:: Work order ::
Please print every record below exactly as it appears, but leave out the pictures.

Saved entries

+ + + + +

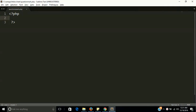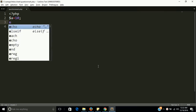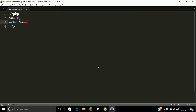Hi guys, welcome back. In this video lesson we are going to learn about the question mark operator in PHP. The question mark is used for a quick if condition. Let's get started. We have variable a equal to 10, and I want to check that if variable a is equal to 10, then print something, otherwise print anything else.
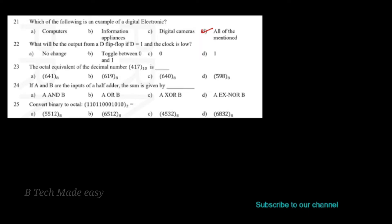Next question: what will be the output from a D flip-flop if D is equal to 1 and the clock is low? Option A: no change. Option B: toggle between 0 and 1. Option C: 0. Option D: 1. If D is equal to 1 and the clock is low, the output will not change. The answer is Option A, no change.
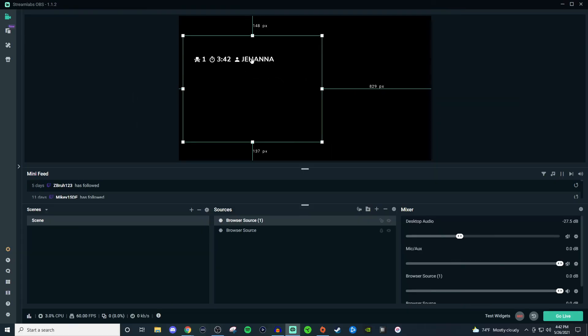But yeah, that's pretty much how you set up the sub train or whatever type of train you chose for your stream. It's very easy to set up as you guys were able to tell, but if you have any questions let me know in the comment section below. If you enjoyed the video give it a thumbs up. Make sure you subscribe to the channel for more tech videos like this and I will see you guys all in the next video. Take care.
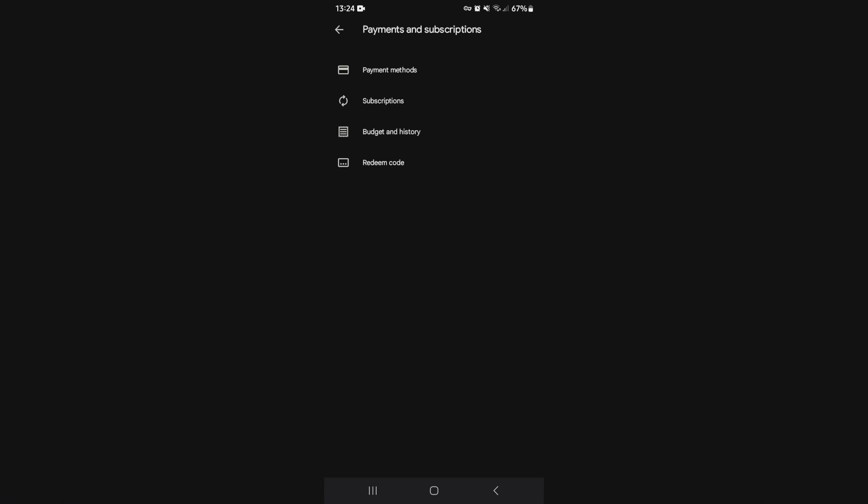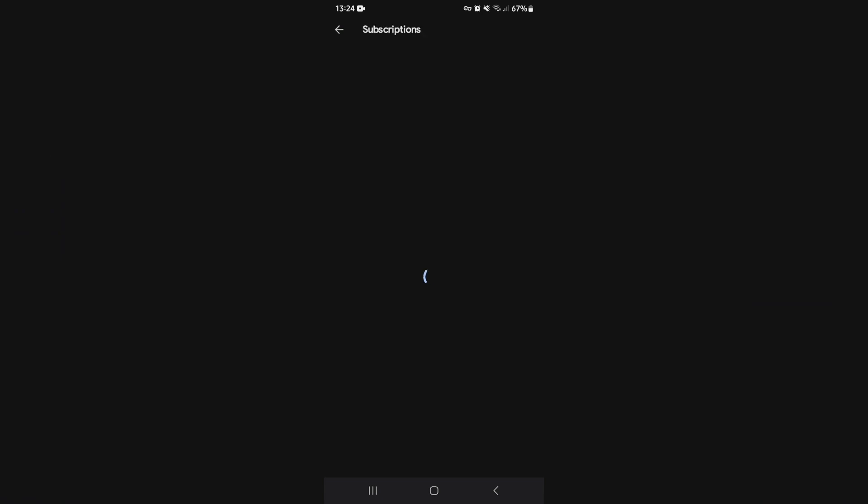Come down here and look for payments and subscriptions. In here you'll see a few items and you can see subscriptions. Once you go in here you'll see all of your subscriptions linked to this specific Google account. When you signed in to Shut Eye you most likely used one of your Google accounts, and in this way you'll be able to cancel that subscription right in over here.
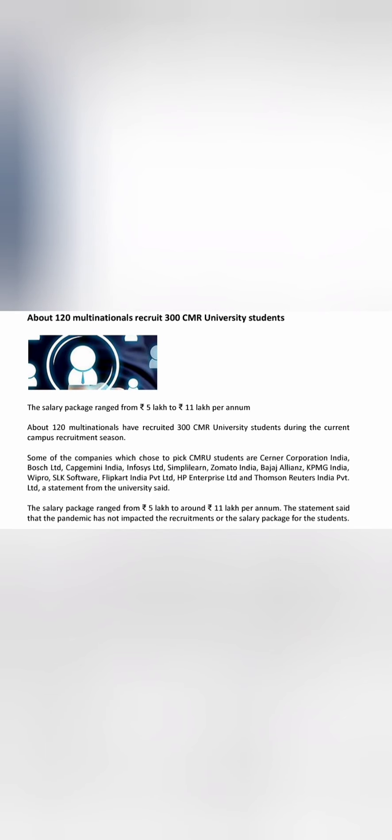So this is one of the placement snapshot of 2021 batch. In 2021, around 120 multinationals recruited around 300 total students from CMRIT. And all of them were not from engineering, but they were mix of engineering, MBA, MCA. So the highest salary was 11 lakhs per annum. And students got the packages in the range of 5 to 11 lakhs.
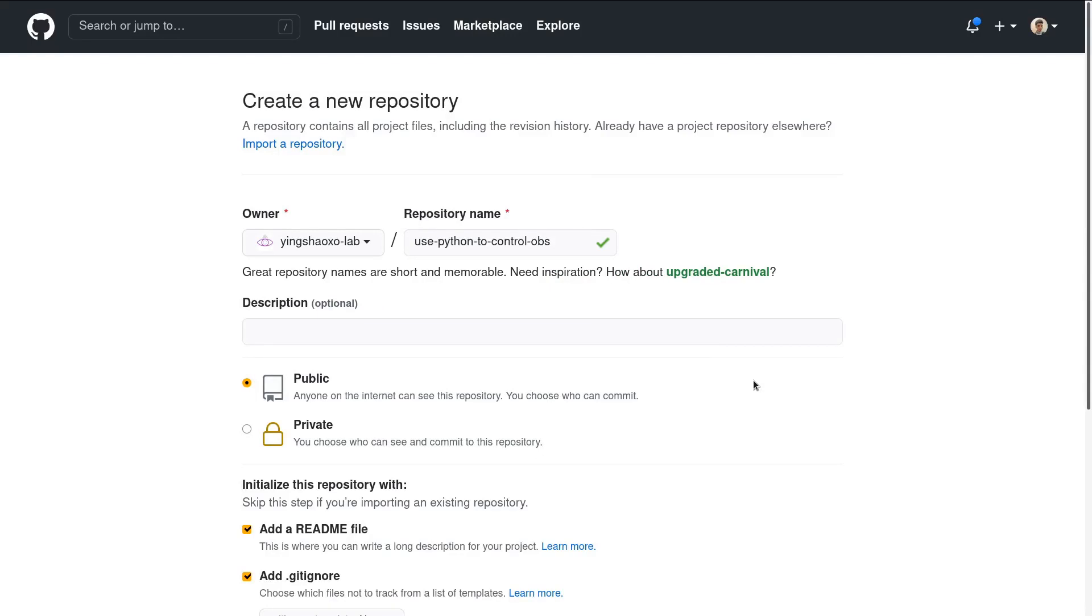Hello guys, welcome back. I'm your friend in CXO. Today we will try to do an experiment to see if we can use Python to control OBS.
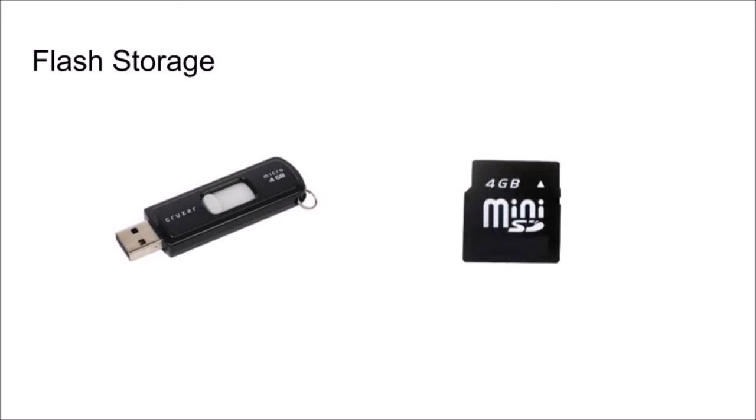Our final type of storage is flash memory, which we briefly covered in our ROM vs RAM video. This uses electricity to open and close gates on a circuit board.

+ + + + +

:: Completed exercise ::
Hi guys, welcome back. In this video lesson we are going to learn about the question mark operator in PHP. The question mark is used for a quick if condition. Let's get started. We have variable a equal to 10, and I want to check that if variable a is equal to 10, then print something, otherwise print anything else.
Next question: what will be the output from a D flip-flop if D is equal to 1 and the clock is low? Option A: no change. Option B: toggle between 0 and 1. Option C: 0. Option D: 1. If D is equal to 1 and the clock is low, the output will not change. The answer is Option A, no change.
But yeah, that's pretty much how you set up the sub train or whatever type of train you chose for your stream. It's very easy to set up as you guys were able to tell, but if you have any questions let me know in the comment section below. If you enjoyed the video give it a thumbs up. Make sure you subscribe to the channel for more tech videos like this and I will see you guys all in the next video. Take care.
Come down here and look for payments and subscriptions. In here you'll see a few items and you can see subscriptions. Once you go in here you'll see all of your subscriptions linked to this specific Google account. When you signed in to Shut Eye you most likely used one of your Google accounts, and in this way you'll be able to cancel that subscription right in over here.
So this is one of the placement snapshot of 2021 batch. In 2021, around 120 multinationals recruited around 300 total students from CMRIT. And all of them were not from engineering, but they were mix of engineering, MBA, MCA. So the highest salary was 11 lakhs per annum. And students got the packages in the range of 5 to 11 lakhs.
Hello guys, welcome back. I'm your friend in CXO. Today we will try to do an experiment to see if we can use Python to control OBS.
Our final type of storage is flash memory, which we briefly covered in our ROM vs RAM video. This uses electricity to open and close gates on a circuit board.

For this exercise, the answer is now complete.